• Work order: Everything from the line that contains "Mantel Redondo Lino Ginebra 2.90 D Negro" through the last line below should be transcribed exactly, except the pictures.

• Dataset content:
◆ ◆ ◆ ◆ ◆ ◆ ◆
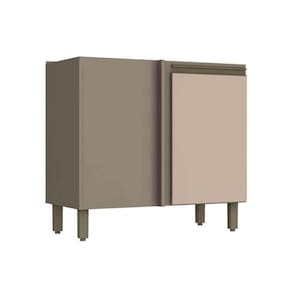 Módulo Cozinha Henn Connect Balcão Canto Reto c/ 1 Porta s/ Tampo Duna/Cristal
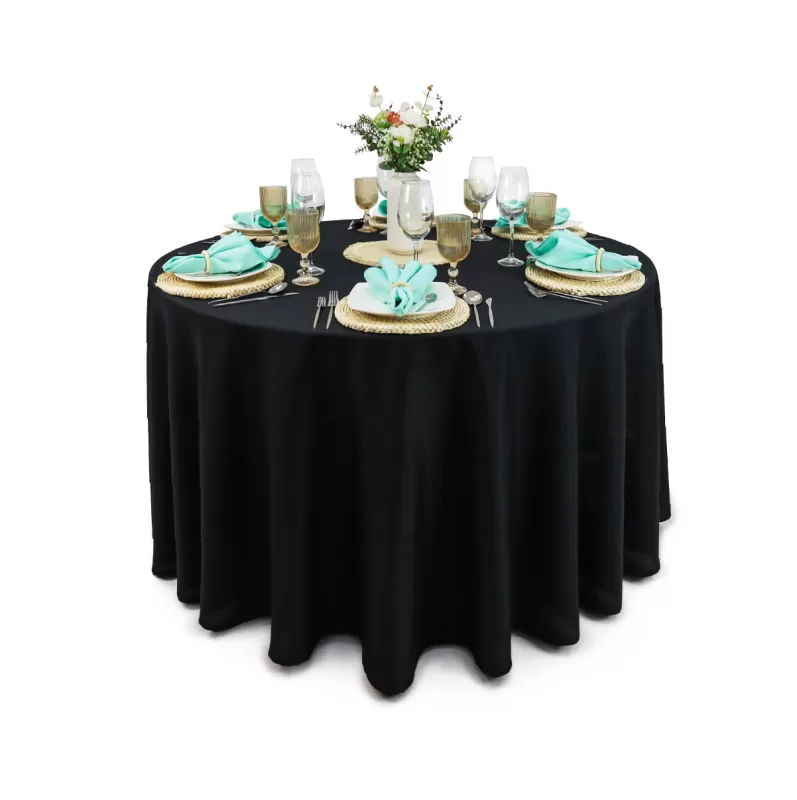 Mantel Redondo Lino Ginebra 2.90 D Negro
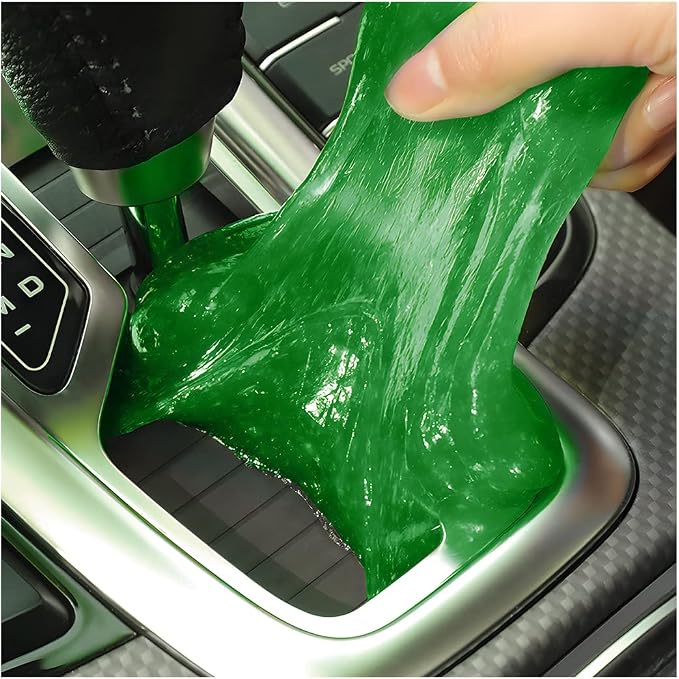Cleaning Gel for Car, Auto Detailing Slime Mud, Putty Cleaner Dust Removal, Vehicle Interior Soft Glue Cleaning Tools Kit, Car Accessories for Cleaning Air Vents, Keyboard, PC, Laptops (Green)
◆ ◆ ◆ ◆ ◆ ◆ ◆
• Response to this exercise:
 Mantel Redondo Lino Ginebra 2.90 D Negro
Cleaning Gel for Car, Auto Detailing Slime Mud, Putty Cleaner Dust Removal, Vehicle Interior Soft Glue Cleaning Tools Kit, Car Accessories for Cleaning Air Vents, Keyboard, PC, Laptops (Green)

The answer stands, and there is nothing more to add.